2024-bsc-sebastian-lenzlinger/thesis/Chapters/ch4-iottb.tex

\chapter{Implementation}\label{ch4}
This chapter discusses the implementation of the IoT device testbed, \iottbsc which is developed using the Python programming language. This choice is motivated by Python's wide availability and the familiarity many users have with it, thus lowering the barrier for extending and modifying the testbed in the future. The testbed is delivered as a Python package and provides the \iottb command with various subcommands. A full command reference can be found at \cref{appendix:cmdref}.\\
Conceptually, the software implements two separate aspects: data collection and data storage.
The \iottbsc database schema is implicitly implemented by \iottb. Users use \iottb mainly to operate on the database or initiate data collection. Since the database schema is transparent to the user during operation, we begin with a brief description of the database layout as a directory hierarchy, before we get into \iottb \cli.

\section{Database Schema}
The storage for \iottbsc is implemented on top of the file system of the user.
Since user folder structures provide little standardization, we require a configuration file, while gives \iottb some basic information about the execution environment.
The testbed is configured in a configuration file in JSON format, following the scheme in \cref{lst:cfg-shema}.
\verb|DefaultDatabase| is a string which represents the name of the database, which is a directory in \\
\verb|DefaultDatabasePath| once initialized.
\iottb assumes these values during execution, unless the user specified otherwise.
If the user specifies a different database location as in option in a subcommand, \verb|DatabaseLocations| is consulted.
\verb|DatabaseLocations| is a mapping from every known database name to the full path of its parent directory in the file system.
The configuration file is loaded for every invocation of \iottb.
It provides the minimal operating information.
Now that we understand
\begin{listing}[!ht]
    \inputminted[]{json}{cfg-shema.json}
    \caption{Schema of the testbed configuration file.}
    \label{lst:cfg-shema}
\end{listing}
\newpage
\section{High Level Description}
\iottb is invoked following the schema below. In all cases, a subcommand be specified for anything to happen.
\iottb is used from the command line and follows the following schema:
\begin{minted}[fontsize=\small]{bash}
iottb [<global options>] <subcommand> [<subcommand options>] [<argument(s)>]
\end{minted}
\todoRevise{Better listing}
When \iottb is invoked, it first checks to see if it can find the database directory in the \os users home directory\footnote{Default can be changed}.

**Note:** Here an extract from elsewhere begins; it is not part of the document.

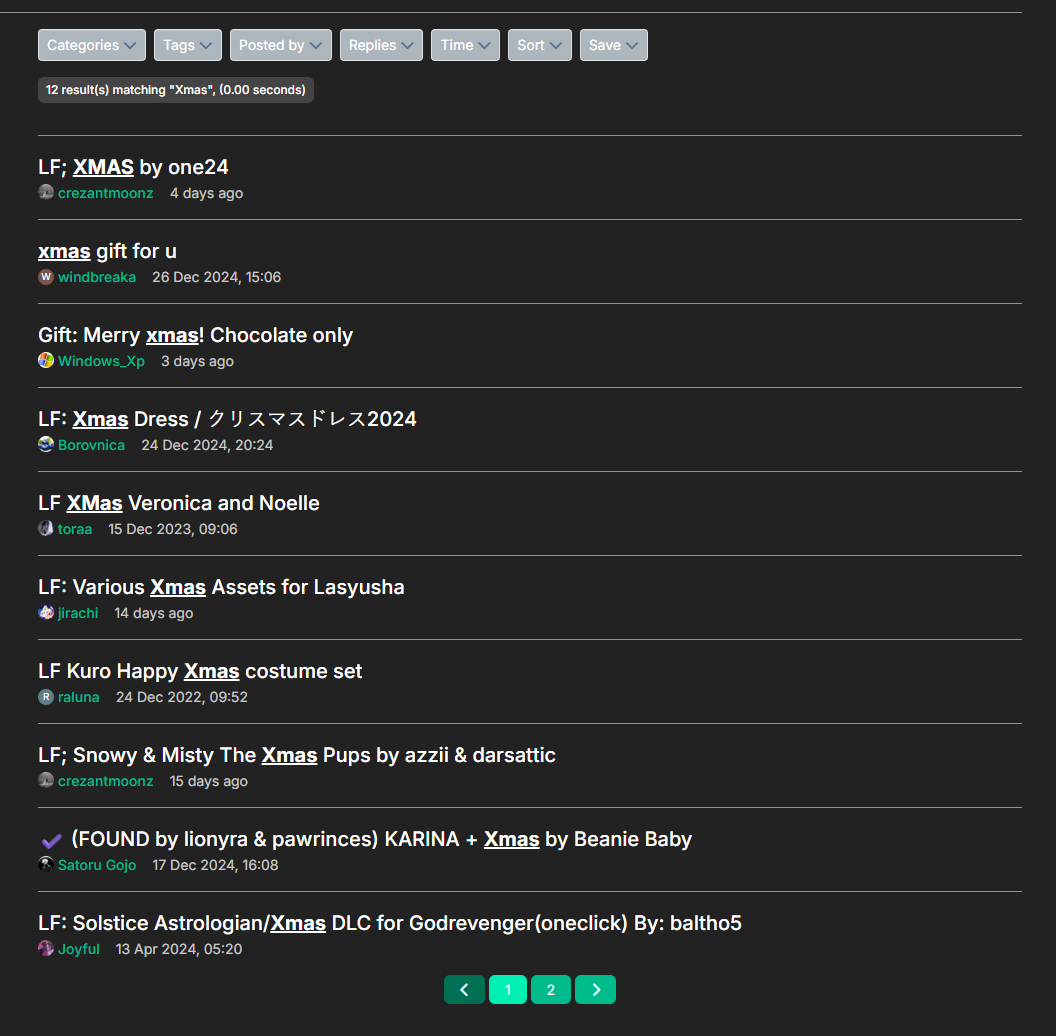 11919fce-0146-448c-b677-9167465427c7-opera_2025-12-27_15-23-12.png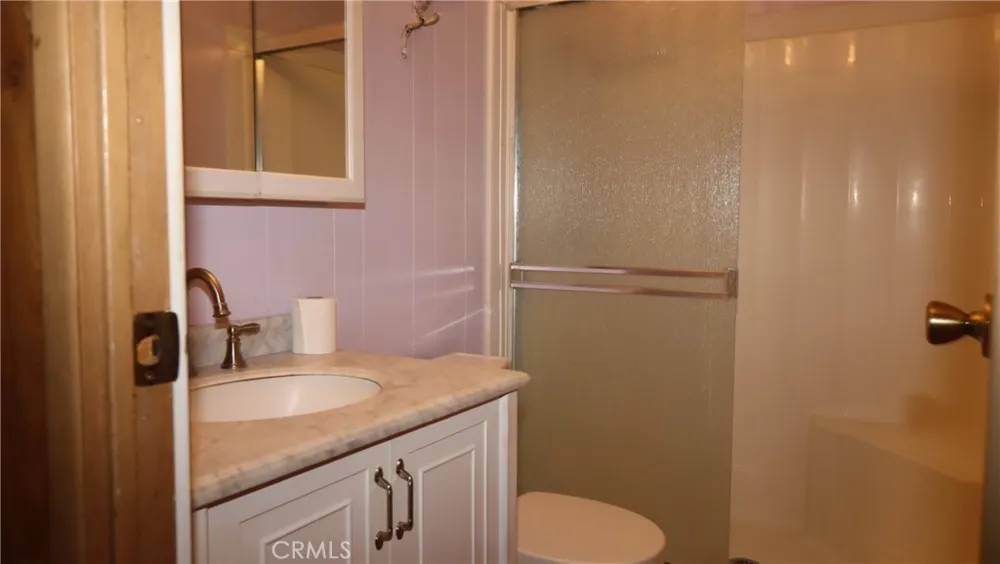 11444 Bottle Rock Road Kelseyville, CA 95451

\section{Database Initialization}\label{sec:db-init}
The IoT testbed database is defined to be a directory named \db. Currently, \iottb creates this directory in the user's home directory (commonly located at the path \texttt{/home/<username>} on Linux systems) the first time any subcommand is used. All data and metadata are placed under this directory. Invoking \verb|iottb init-db| without arguments causes defaults to be loaded from the configuration file. If the file does not exist, it is created with default values following \cref{lst:cfg-shema}. Else, the database is created with the default name or the user-suplied name as a directory in the file system, unless a database under that name is already registered in the \verb|DatabaseLocaions| map. The commands described in the later sections all depend on the existence of a \iottbsc database.
It is neither possible to add a device nor initiate data collection without an existing database.
The full command line specification can be found in \cref{cmdref:init-db}.
Once a database is initialized, devices may be added to that database.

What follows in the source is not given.